Lost of the Desert Sand

From: Youssuf El-Kalay youssuf@qpt.com ======================================================================= Lost in the desert sand There I was standing in the middle of a desolate tract, in one of the most arid regions of the world. The sun beat down on my face and my dry parched throat yearned for water. Salvation was nowhere to be found, like a ferret in a dense forest. All was lost. I was surrounded by a pack of hyenas, sniggering at me because I was an anomaly in their world. I didn't belong; I didn't want to belong. This is how I felt when I was living in Egypt. It was a tumultuous period of my life and looking back I feel fortunate enough to have survived the turbulent change in life.

Life was quite different in Egypt, from my days in the United States. We moved during the summer, a time when heat and dust made an unpleasant combination. Although I had visited Egypt before, it was different this time. Certainly going on an excursion was far different than actually living in the country. My parents told me it was going to be the beginning of a new life, a chance to make new friends and gain new experiences. I was so eager to return to my roots. I anticipated lively adventures and an exciting life much like that of Indiana Jones. Little did I know that everyday would be quite the opposite. Society in Egypt was far from anything you would expect. It was common to see horse driven carts on the roads alongside cars that were hundreds of times more powerful than they were. People still bought food and other goods from open-air markets even though supermarkets were plentiful. Even though you'd see men and women sweeping the streets, they were still cluttered with garbage. It was as if old and new were in a clash, a struggle to fit in with each other.

Although I spoke the native tongue, my Arabic reading and writing skills were far below the level required for me to enter a public school. So I was enrolled in a private school that contained not more than 100 students. We were taught in an apartment with classrooms the size of a bedroom. All the walls around me begged for a fresh coat of paint and the gnarled linoleum floors made to look like a freak accident from an armed land mine. Proper desks were nonexistent. Instead we sat on a crude wooden chairs with a small table nailed to the side of the chair. Outside was a small courtyard measuring 40 feet at most, littered with piles of candy wrappers and an assortment of bottles from a popular soft drink. In spite of this, I tried to look at everything with an open mind, realizing that perhaps there was something beyond the glamour of fancy desks and classrooms.

Unfortunately there was something far worse than an under equipped school, something so hideous that it made me cringe at the thought of it. It dawned on me that it was the actual students that had created this chaos around the school. The cacophony of their laughter and jeering overwhelmed me.
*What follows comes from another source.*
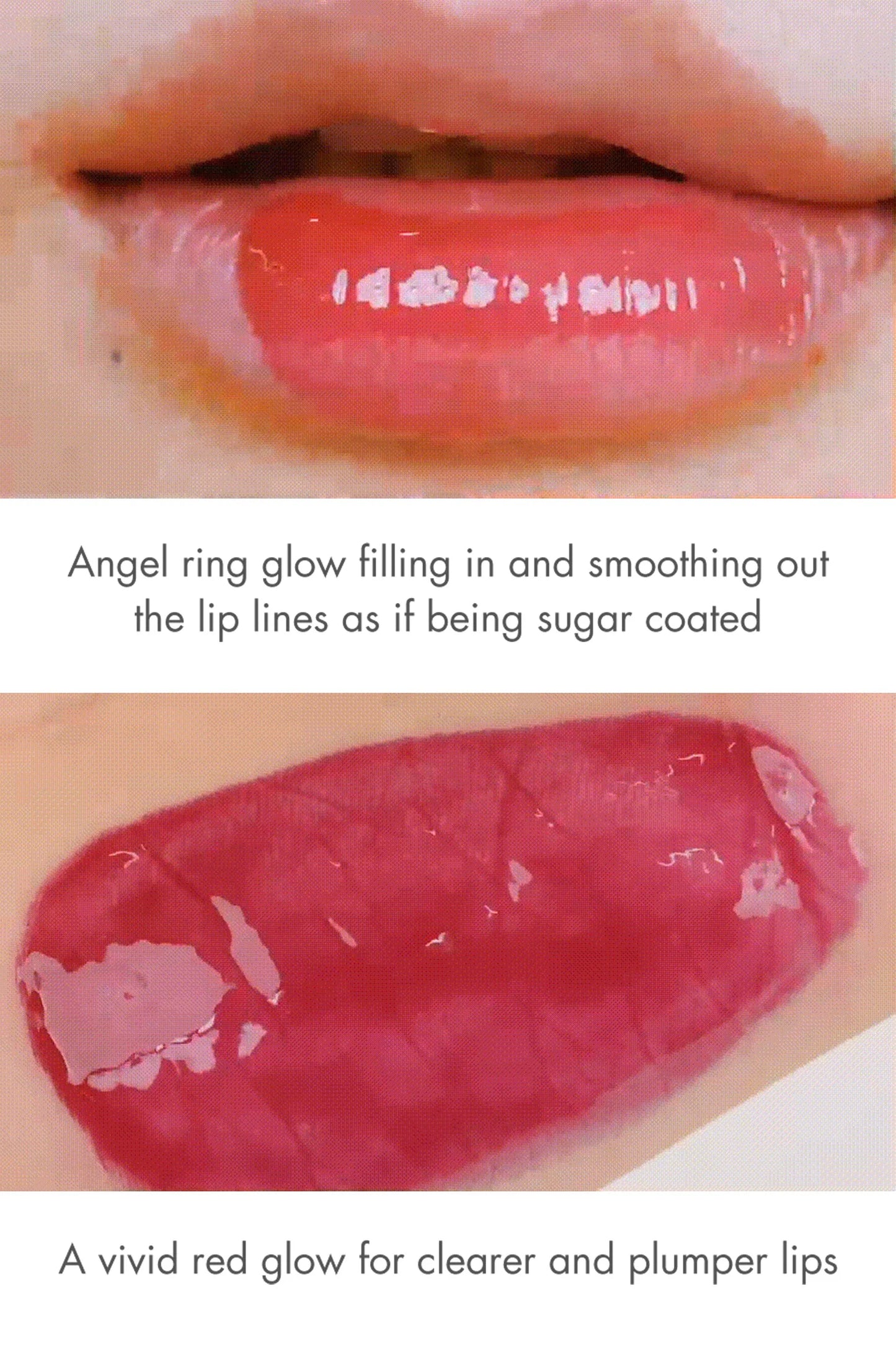 Romand - Glasting Color Gloss #08 Cherry Up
I was like the new kid on the block, but even after I had been there for several months the mockery continued. They didn't want to accept me, and naturally I didn't want to be accepted. They commented on my American accent saying, "Where's your cowboy hat, Yankee boy!" Even the teachers looked upon me as strange. They called me 'khawaga' which means foreigner in Arabic. I was like a stranger in my own land. The English teacher commented on my style of writing stating "Your American style of writing doesn't suit me, it's not proper".
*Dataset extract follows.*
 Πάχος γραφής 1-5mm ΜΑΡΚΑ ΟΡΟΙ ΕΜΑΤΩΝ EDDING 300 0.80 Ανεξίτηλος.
Everyday was very hellish for me, and soon I lapsed into a coma of depression. Life basically had no meaning to me anymore, and everyday that passed was just another page in a never-ending story. One day as I was walking away from the school, I saw an old man sitting on the ground selling fruits and vegetables. The goods weren't in fantastic condition and the man himself didn't look too well off yet he looked content. I approached him and asked him how his sales were going and he said "Not too good, but then again I am better off than many other people who are in worse conditions than I am". His words of wisdom dumbfounded me. I realized that life was what we made out of it and that happiness was truly a state of mind. Eventually we moved back to the United States, but I never forgot my encounter with the wise old man.